● **TASK REQUIREMENTS**
Return the lines that run from the beginning of the entries to the line holding "Now as you saw", inclusive, and drop the pictures.

*** Opening of RECORDS FOR THIS TASK ***

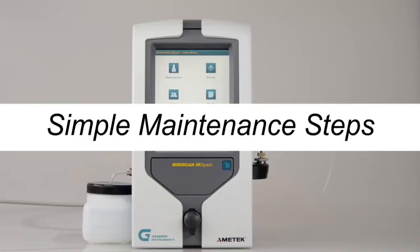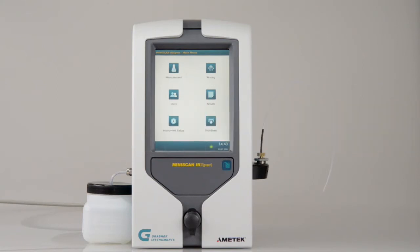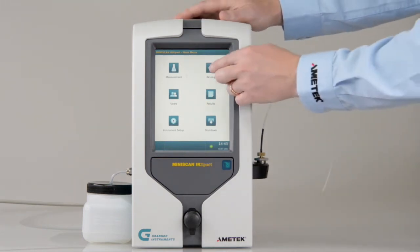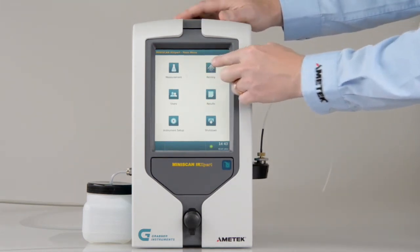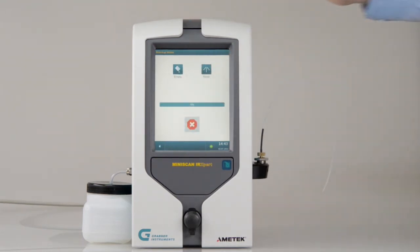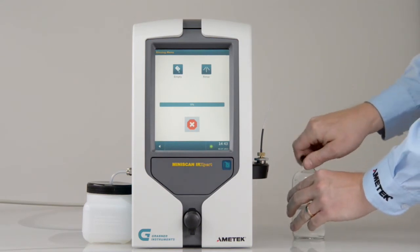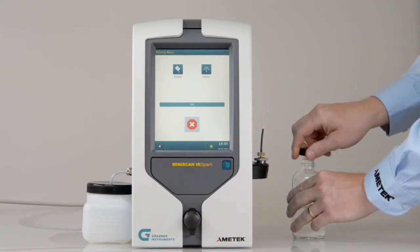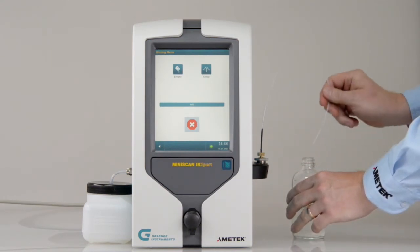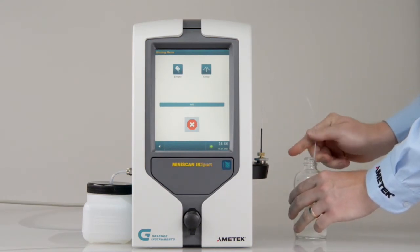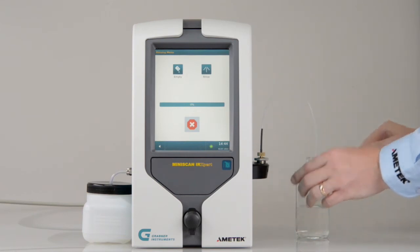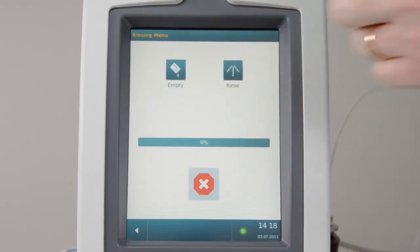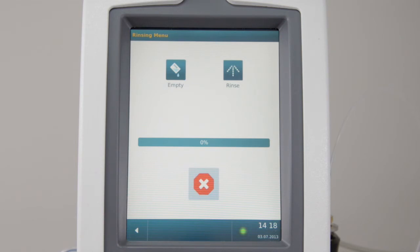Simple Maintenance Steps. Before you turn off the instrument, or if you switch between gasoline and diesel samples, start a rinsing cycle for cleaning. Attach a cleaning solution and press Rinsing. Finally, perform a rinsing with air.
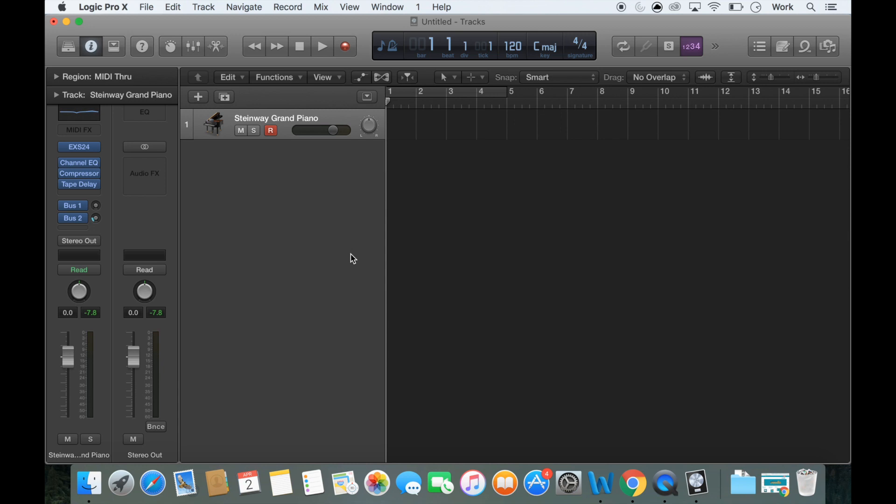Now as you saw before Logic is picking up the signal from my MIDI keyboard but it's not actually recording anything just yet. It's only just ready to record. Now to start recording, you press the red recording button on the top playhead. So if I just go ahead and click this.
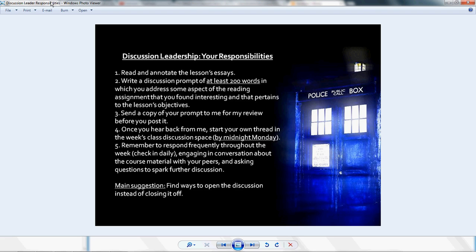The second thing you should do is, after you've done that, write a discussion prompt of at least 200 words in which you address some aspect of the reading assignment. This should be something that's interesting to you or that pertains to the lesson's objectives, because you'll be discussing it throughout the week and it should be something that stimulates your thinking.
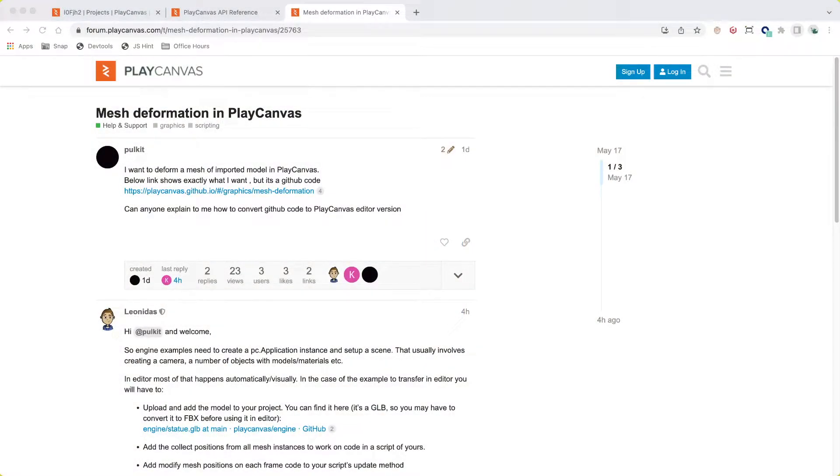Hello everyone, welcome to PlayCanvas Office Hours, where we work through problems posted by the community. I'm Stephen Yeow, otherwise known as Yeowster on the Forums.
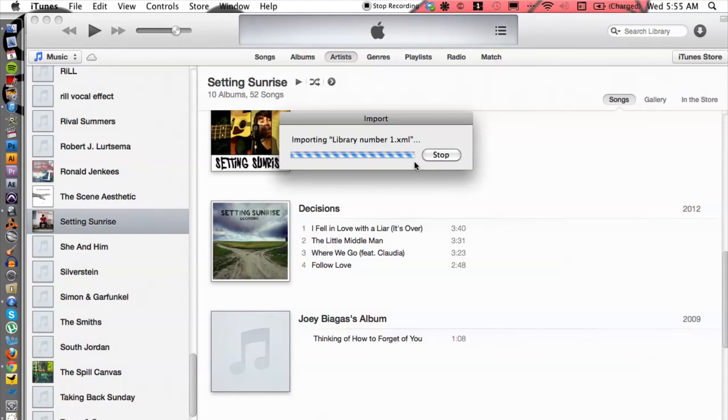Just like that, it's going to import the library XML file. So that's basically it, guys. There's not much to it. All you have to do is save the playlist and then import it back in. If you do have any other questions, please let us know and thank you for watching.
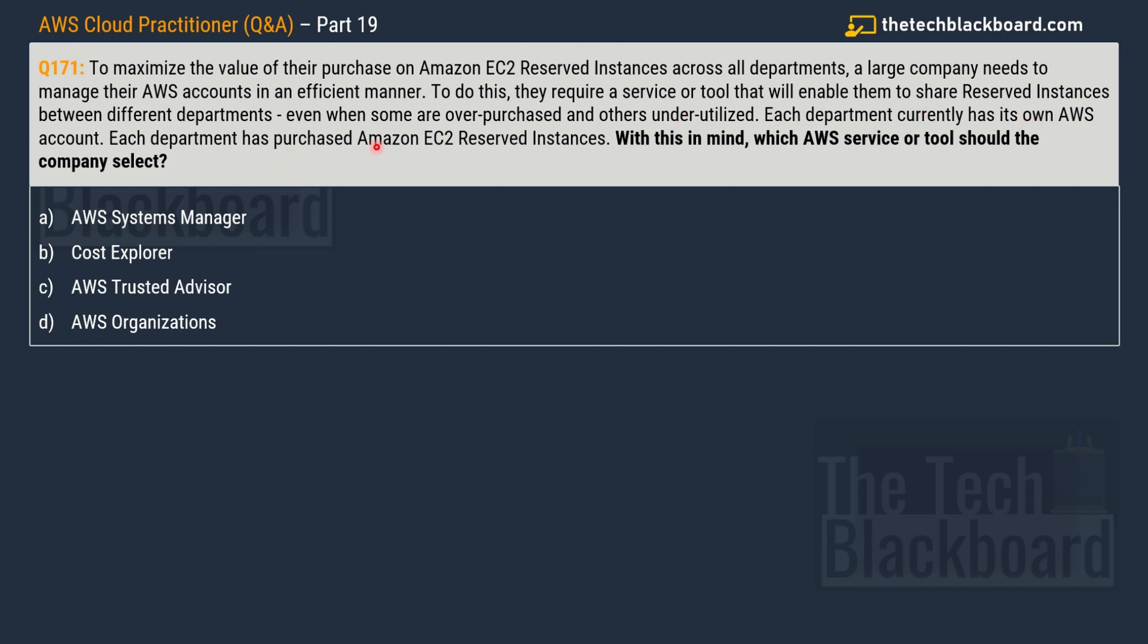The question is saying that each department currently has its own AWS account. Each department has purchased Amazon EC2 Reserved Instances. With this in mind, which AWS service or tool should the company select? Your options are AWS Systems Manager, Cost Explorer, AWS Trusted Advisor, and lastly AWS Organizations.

*** Close of RECORDS FOR THIS TASK ***

● **EXPECTED OUTPUT**
Simple Maintenance Steps. Before you turn off the instrument, or if you switch between gasoline and diesel samples, start a rinsing cycle for cleaning. Attach a cleaning solution and press Rinsing. Finally, perform a rinsing with air.
Now as you saw before Logic is picking up the signal from my MIDI keyboard but it's not actually recording anything just yet. It's only just ready to record. Now to start recording, you press the red recording button on the top playhead. So if I just go ahead and click this.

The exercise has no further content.